Ch. 32 - Flow

(From Handbook For Humans)

Mihaly Csikszentmihalyi talks very eloquently about the experience of flow. Flow is related to enjoyment—which is not the same as simple pleasures such as eating dessert. Enjoyment or flow occurs when we are deeply focused on some process, so that time seems almost to disappear. It occurs when we’re engaged in an activity where the challenges we face, and the skills we have to meet those challenges, are evenly balanced.

If the activity we’re engaged in is more challenging than our talent or skill can deal with, we feel anxiety. Conversely, if our skills are much larger than the challenges, we feel boredom. The enjoyment of flow occurs in a zone where skill and challenge are matched.

This can occur in activities that vary as widely as a tennis or chess game, listening to music, caring for children, the pursuit of a scientific theory, skiing down or climbing up a mountain, reading, writing, leading a team, working with a computer, using a machine tool, taking photographs, and so on. Any of these activities and others can create flow for us or not, depending on our individual makeup.

What activities have in common, when flow occurs, is that they engage our deep concentration, and do so in a way that combines control and satisfaction. People describe it as being “lost in the flow” or “out of time” or “totally involved,” a combination of relaxation and attentive focusing.

We’ve all experienced this at times. Those moments when we’re challenged but up to the challenge, when we’re so engaged in what we’re doing that only the moment exists. The moments of true enjoyment.

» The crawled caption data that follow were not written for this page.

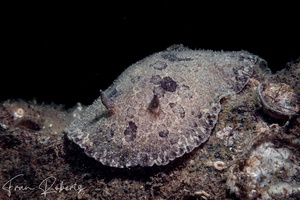 Image of Sebadoris fragilis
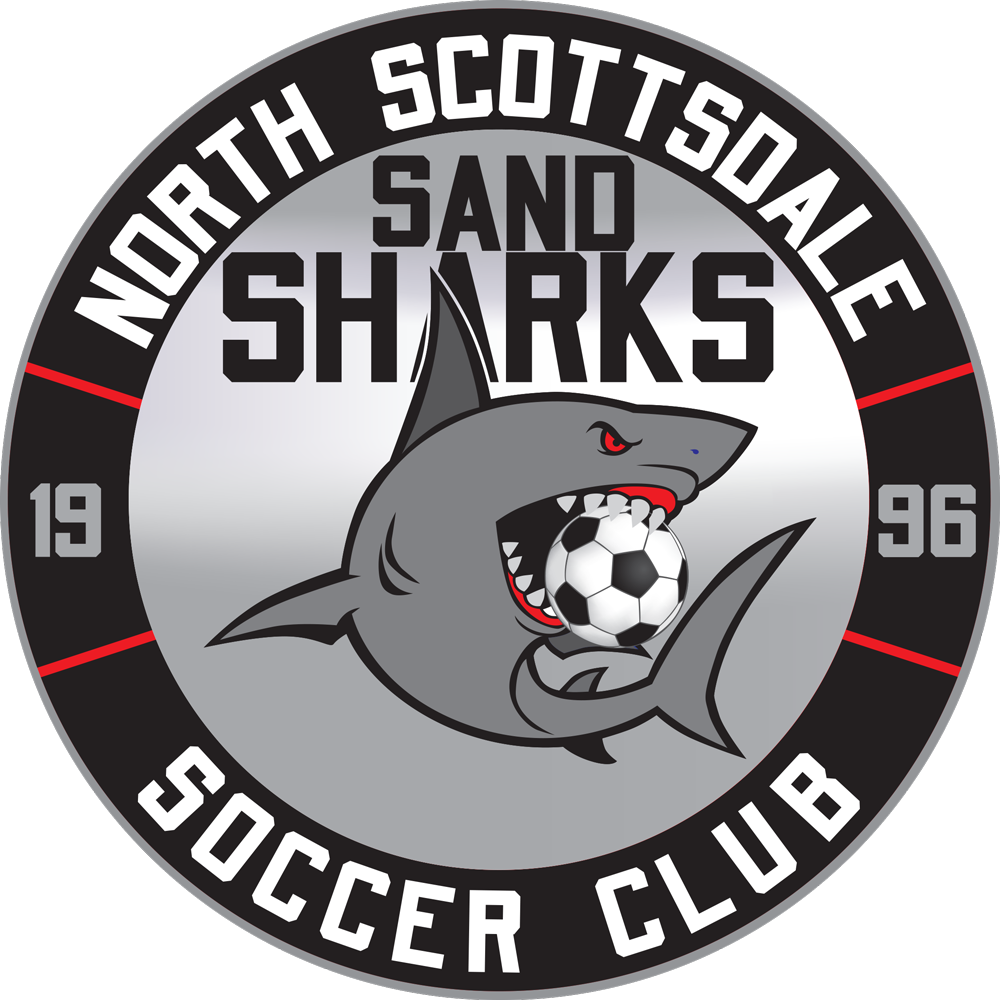Sharks Logo Png (1000x1000), Png Download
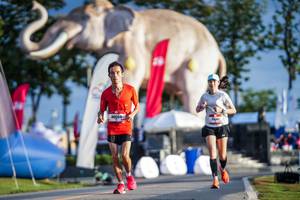 BIB: 
                            <button type="button" onclick="openModal(26541384)" class="btn btn-primary btn-sm float-right btn-popup" data-toggle="modal" data-target=".modal-high-quality">
                        <i class="fas fa-shopping-cart"></i> Add to Cart
                    </button>
                                            <button type="button" onclick="isThisMe(26541384, true)" class="btn btn-success btn-sm float-right btn-popup btn-isme hidden" data-toggle="tooltip" data-placement="bottom" title="นี่คือรูปของคุณใช่ไหม คลิกที่นี่เพื่อเอาเข้าอัลบั้ม">
                        <i class="fas fa-plus"></i> Add to album
                    </button>
                    <button type="button" onclick="isThisMe(26541384, false)" class="btn btn-warning btn-sm float-right btn-popup btn-isnotme hidden">
                        <i class="fas fa-ban"></i> Remove from album
                    </button>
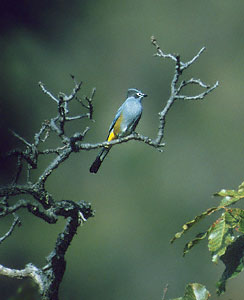Gray Silky-flycatcher (Ptilogonys cinereus) photo image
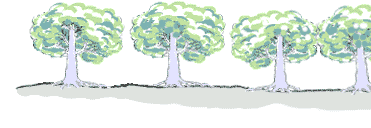 Απλές Ελληνικές συνήθειες που ΑΠΑΓΟΡΕΥΟΝΤΑΙ σε άλλες χώρες…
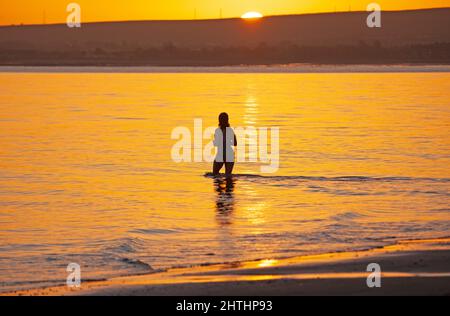Portobello, Edinburgh, Schottland, Großbritannien. 1.. März 2022. Meteorologischer Sonnenaufgang im Frühling. Im Bild: Sasha begrüßt die Sonne, die über den Horizont bei einem ihrer regelmäßigen Tauchungen im Firth of Forth spässt. Temperatur 3 Grad Celsius. Kredit: Archwhite/alamy Live Nachrichten. Stockfoto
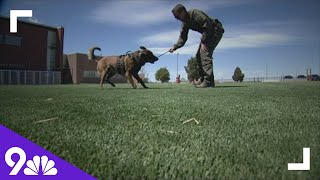 Colorado Deputy saves his K-9 partner with a tourniquet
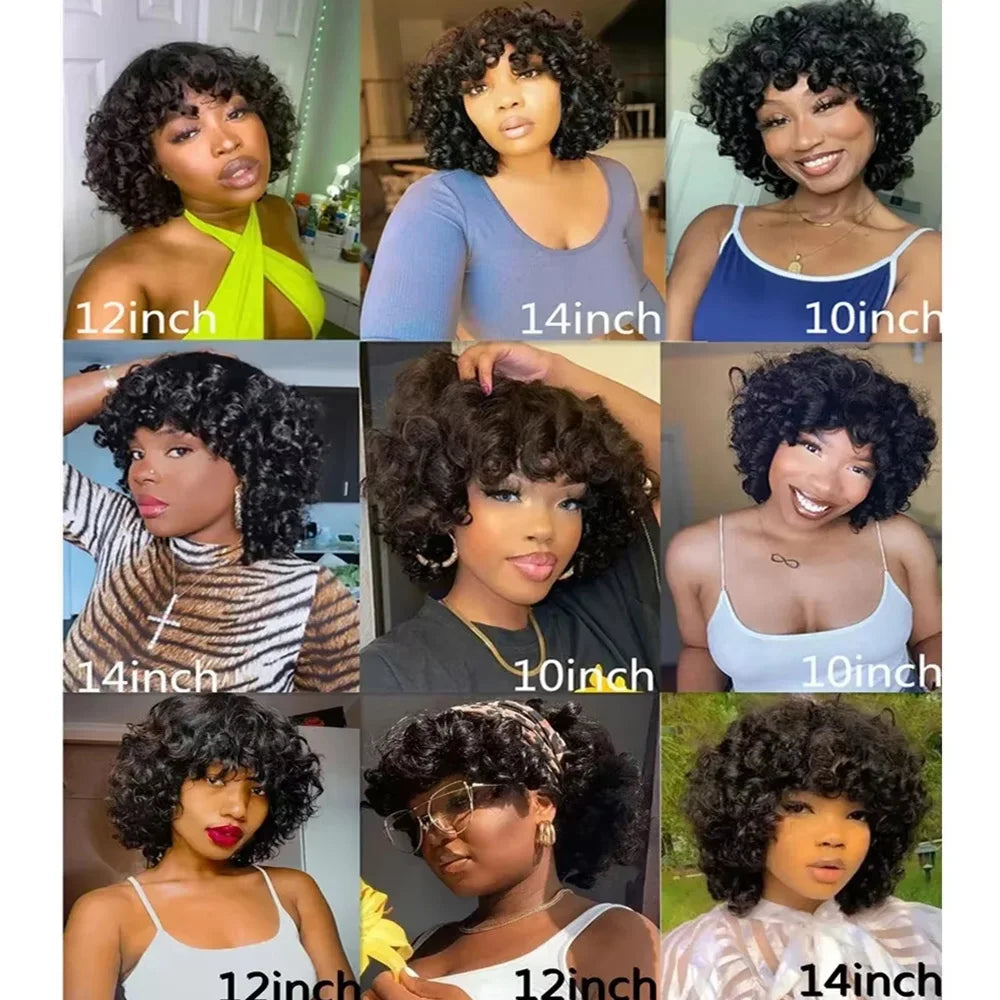 Bouncy Curly Pixie Bob Human Hair Wig With Bangs for Women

The key to fulfillment in the dimension of mind is to identify what kinds of activity produce this effect in us, and then to discover a life-theme related to that activity. We don’t simply want a job or an occupation, but rather, something that we can learn and grow with, something we’ll find satisfying if we spend a lifetime with it, something where our talents and enjoyments can be harnessed to make a contribution to ourselves and others. This is the concept of right livelihood.

But what about money? Michael Phillips in 1974 published seven laws of money, and I especially like the first one. He formulated it in this way: Do it! Money will come when you are doing the right thing.

That is, our proper focus is on our passion. If we find our true passion, we will find an almost unlimited number of ways to make money at it. That’s been my experience. When we are doing the right thing, the way our livelihood sometimes comes through can seem to defy the laws of logic. When we’re that devoted to something, it’s as if the universe itself takes notice.

That doesn’t mean it will necessarily be easy. It doesn’t mean that we just get up in the morning and do whatever we feel like. It doesn’t mean that we daydream about being something and wait for the universe to magically support us.

Everybody I know who has followed their passion has had to make extreme sacrifices at one time or another, and often frequently. Sometimes they’ve had to take extra jobs, or put various things off. Sometimes they’ve had to take two steps back in order to take three forward. Sometimes they’ve had to “work while others play,” in Churchill’s pithy phrase. Sometimes they’ve only been able to work at their passion ten minutes a day. But they’ve continued.

For that’s the interesting thing about following your passion: You can’t fail. Because the very following itself is your success. Even if worldly success or money doesn’t come at first, even if it doesn’t come for a long time or ever, even if you have to make sacrifices—and you will, count on it—the very following of your passion is success and fulfillment in itself.